Being undecidable, there is no single algorithm to identify all function starts across the wide variety of program binaries. Among some of the approaches enlisted to try and solve this problem are machine learning algorithms (e.g. Byteweight and Neural Networks) which use signature based pattern recognition. At first glance the results of these learners look promising but they are often biased to their training set.

Other approaches to function detection (e.g. Nucleus and Function Interface Analysis) are more sensible. Their research is focused on control-flow, data-flow, and function interface analysis rather than signature detection. Yet, these solutions fall short of addressing the entire problem domain across architectures in a generalized way.

For example, the Nucleus approach can be improved upon since it relies on heuristics to handle indirect control flow. What’s wrong with heuristics? They must be updated constantly for the latest compiler constructs, and can frequently produce invalid results, especially in highly optimized binaries. Even today, many tools rely on heuristics. That’s a dilemma. Even though they solve a specific problem really well, they rarely generalize to solve an entire class of problems.

Enter The Ninja

Binary Ninja is an extensible reverse engineering tool that provides a generalized, architecture-agnostic approach to program analysis. Therefore, one of our goals is to develop a function detection algorithm that comprises the best techniques available while being architecture-agnostic. We therefore intentionally overlook signature matching and heuristics as primary methods to provide this capability (though do not discount them entirely).

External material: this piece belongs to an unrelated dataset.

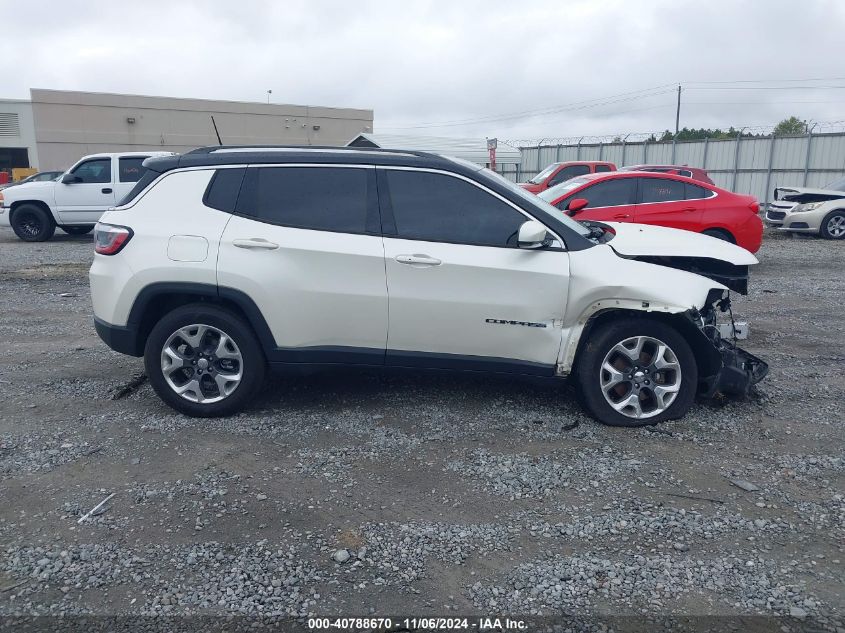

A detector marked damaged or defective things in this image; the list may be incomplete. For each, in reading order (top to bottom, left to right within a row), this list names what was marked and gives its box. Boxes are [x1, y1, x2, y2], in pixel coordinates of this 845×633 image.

crumpled hood [604, 222, 756, 264]
front-end collision damage [688, 290, 768, 396]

Carving Binary Spaces With Confidence

Given the multifaceted nature of function detection in stripped binaries, it is common to apply multiple strategies over multiple analysis passes. The order of those strategies is driven by the desire to achieve positive function identification with the highest degree of confidence first, as this should reduce the scope, complexity, and possibility for mistakes in later analysis stages. This is important. Mistakes early in the binary analysis process can degrade the results of higher-level analysis later. The search space for each analysis phase is the current set of unknown regions in the binary that are not tagged as code or data. After each phase, the search space shrinks by tagging regions as code and/or data. Currently, Binary Ninja performs analysis in four distinct phases:

  • Recursive Descent
  • Call Target Analysis
  • Control Flow Graph (CFG) Analysis
  • Tail Call Analysis

After analysis is complete, the desired result is a binary that is annotated in a similar way to a binary with full symbol information, or even better.

Recursive Descent

In earlier versions of Binary Ninja, automatic function detection is limited to our recursive descent algorithm. This algorithm analyzes the control flow from the defined entry point(s) and attempts to follow all code paths. Since the algorithm is based on control flow from a well-defined entry point it is inherently proficient at differentiating between code and data. A unique ability of Binary Ninja’s recursive descent algorithm is the ability to perform multi-threaded* analysis during this phase.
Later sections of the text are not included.